Striking the testimony of a witness is a drastic remedy not lightly invoked. United States v. McKneely , 69 F.3d 1067, 1076 (10th Cir. 1995). When possible, courts should only strike portions of the testimony. United States v. Esparsen , 930 F.2d 1461, 1470 (10th Cir. 1991). Judges often have several options in the situation of a disruptive defendant, the selection of which is subject to an abuse of discretion analysis. United States v. Rosario Fuentez , 231 F.3d 700, 704-05 (10th Cir. 2000) (holding that appellate courts review the district court's decision to strike testimony for abuse of discretion); see State v. Wilkins , 220 Kan. 735, 741, 556 P.2d 424 (1976) (recognizing that a trial court exercises discretion in ruling on a motion to strike).

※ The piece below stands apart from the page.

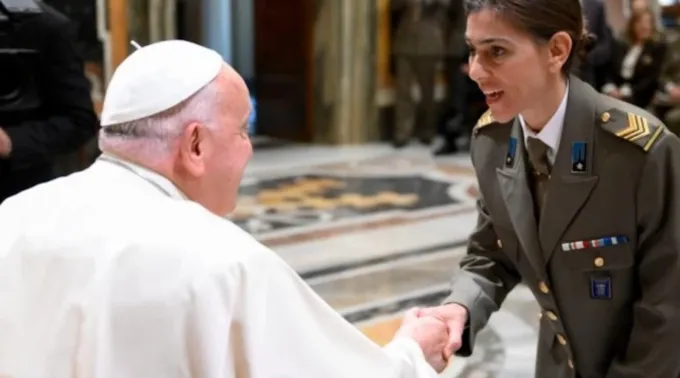 Papa Francisco em audiência com militares italianos no Vaticano ?? 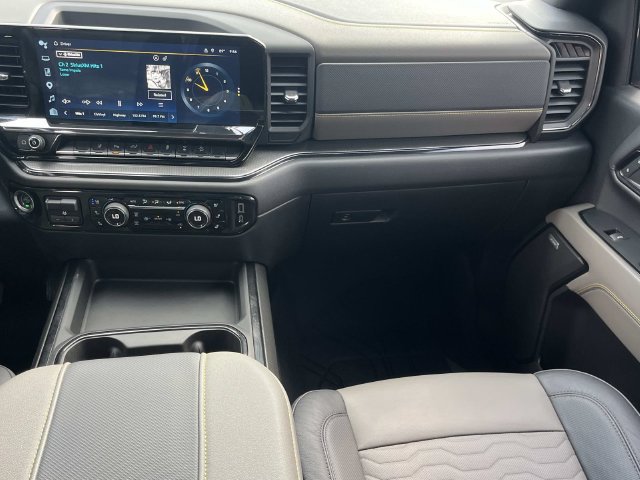 Used 2024 Chevrolet Silverado 2500 ZR2 w/ Technology Package AWD/4WD image 18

"Whether to strike a witness' testimony or resort to some other procedure (for instance, a contempt proceeding) must be determined in part by the extent to which each alternative would disrupt the trial. The trial judge is uniquely well-suited to make this determination, and we see no good reason to require that a particular process be followed in making it. Excusing a jury in order to make special findings regarding the propriety of various procedures may be disruptive in itself. Were we to require the interruption of a trial each time a defendant refuses to answer a proper question, we have little doubt that this would become a familiar tactic. Such a procedure would certainly be open to abuse.

"Not only would actions of contumacious defendants be able to severely limit the government's right of cross-examination, but the orderly conduct of trials would be seriously impaired. We cannot impose on a trial court a rule which could so significantly disrupt the administration of justice.

"We also reject the suggestion that striking testimony is necessarily a last resort, to be used only when all other sanctions appear ineffective. Other measures may be appropriate. But we leave this determination to the trial judge in the exercise of a reasoned discretion. Whether it is better to excuse the jury to conduct a contempt proceeding or to continue with an uninterrupted trial by striking testimony is for the trial judge to decide. Here the defendant was permitted to give his direct testimony to the jury. We can only speculate as to the effect on the jury of the striking of the testimony." Panza , 612 F.2d at 439.

Several jurisdictions have upheld the district court's decision to strike a defendant's testimony and many of those decisions note that the trial court warned the defendant that continued misbehavior would result in their testimony being stricken. See Williams v. Borg , 139 F.3d 737, 740, 743 (9th Cir. 1998) (district court did not err by striking defendant's testimony after defendant was warned or admonished on at least three separate occasions that his failure to answer cross-examination questions would result in his testimony being stricken); Panza , 612 F.2d at 439 (holding district court did not abuse its discretion by striking defendant's testimony after defendant was expressly warned that the testimony would be stricken if he refused to answer questions on cross-examination); Wright v. State , 278 So.3d 805, 812 (Fla. Dist. App. 2019) (affirming decision to strike defendant's testimony after warning defendant that his testimony would be stricken, and lesser sanctions, did not correct the misbehavior); People v. Figueroa , 308 Ill. App. 3d 93, 101, 241 Ill.Dec. 247 719 N.E.2d 108 (1999) ("trial court also warned defendant several times that his testimony would be stricken"); State v. Clausen , 307 Neb. 968, 985, 951 N.W.2d 764 (2020) (finding no plain error in striking defendant's testimony after trial court warned defendant that his testimony would be stricken "if he had another outburst").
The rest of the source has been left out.